Издалека пришлось бежать моему сознанию к смыслу написанного. Я ничего подобного не чувствовала. И в помине не было похожего, ответного. Письмо как-то всё осложняло. Я не поверила тому, что прочла. Отвечать не стала. Эрик позвонил по телефону. Сказал, что понимает, как меня смутило признание, и просил считать, что письма не было: «Мы должны остаться друзьями».

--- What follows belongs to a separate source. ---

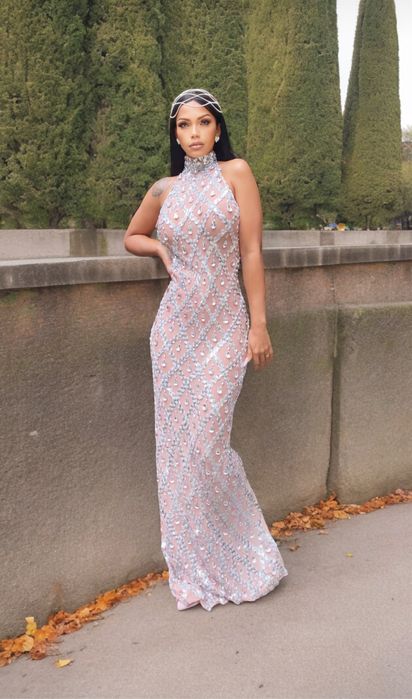 Vestido Longo de Festa com Pedrarias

Снова надо было идти в справочное Большого дома. Только там могли сказать, на сколько отца осудила «тройка» и куда его отправили. Уже обвыкшаяся, притёршаяся к обстановке справочного зала, я стала замечать здесь каждого в отдельности. Никогда больше не встречала вместе такой бездны прекрасных женщин. Вольготно было бы здесь художнику в выборе красивых осанок и лиц, но веками накопленная прелесть, достоинство были помечены страданием и мукой. Такие женщины не бились в истерике. Они даже туда приходили строго и элегантно одетыми и причёсанными. Их потрясённые умы владели искусством оценивать ход вещей пронзительно ясно и точно. Одна пленительно красивая, поразившая моё воображение женщина обратилась ко мне:

– Кто у вас, дитя моё?

– Папа.

– Отец? А у меня муж.

Она так песенно произнесла слово «му-уж», что, казалось, разом открыла, как прекрасна бывает любовь и её тайна. Расспрашивала меня о семье. Рассказывала о себе. И я не заметила, как и почему так легко стала с ней откровенна. Я говорила ей то, чем ни с кем до сих пор не делилась, сказала даже, что не прощу тех, кто отвернулся от нас с мамой в день отъезда из Жихарева, как и тех, кто голосовал за моё исключение из комсомола. Она слушала меня и, не выразив ни согласия, ни одобрения, мягко и печально резюмировала:

– Запомните, дитя моё, вот что: никогда не надо торопиться делать выводы.

Может, не словами был оттиснут смысл этого совета, а интонацией мудрости, но он остался со мной навсегда. И не однажды пригодился мне в жизни. Красота её задумчивого лица, продолговатые серо-голубые глаза, волосы, собранные в пучок, изысканность речи и эти слова живут во мне как память об исчезнувшей человеческой культуре. Там в беседах завещали и дарили столь нестандартные советы, что многие из них осмысливались значительно позже и служили вечно…

– Меня, конечно, сошлют, но вы такая юная. Дай Бог, чтоб вас оставили! – сказала эта дама на прощанье.

– Моя знакомая, – донеслось откуда-то сбоку, – красивая очень женщина, глаз не отвести, и смелая необыкновенно, дошла, представьте себе, до прокурора. Диван у него стоит в кабинете для просительниц… Ну и заверил, что мужа освободит. Обещанного, конечно, не выполнил. А теперь сам загремел.

Иные застигнутые врасплох чувствами люди, избывая здесь горе, всё ещё сохраняли осколки наивной веры в «гарантии». Многие пытались отыскать логику, назвать свой случай ошибкой. Но кто-нибудь горьким скептическим замечанием обязательно обрывал эти попытки:

– Господи, да неужели вы не понимаете, что всё это обдуманно, что делается это специально, чтобы уничтожить интеллигентных людей?

Мне, семнадцатилетней, невозможно было поверить ни в правдивость рассказов о прокуроре, о прорвавшейся к нему на приём женщине и диване, ни в прозорливость догадок об умышленности репрессий.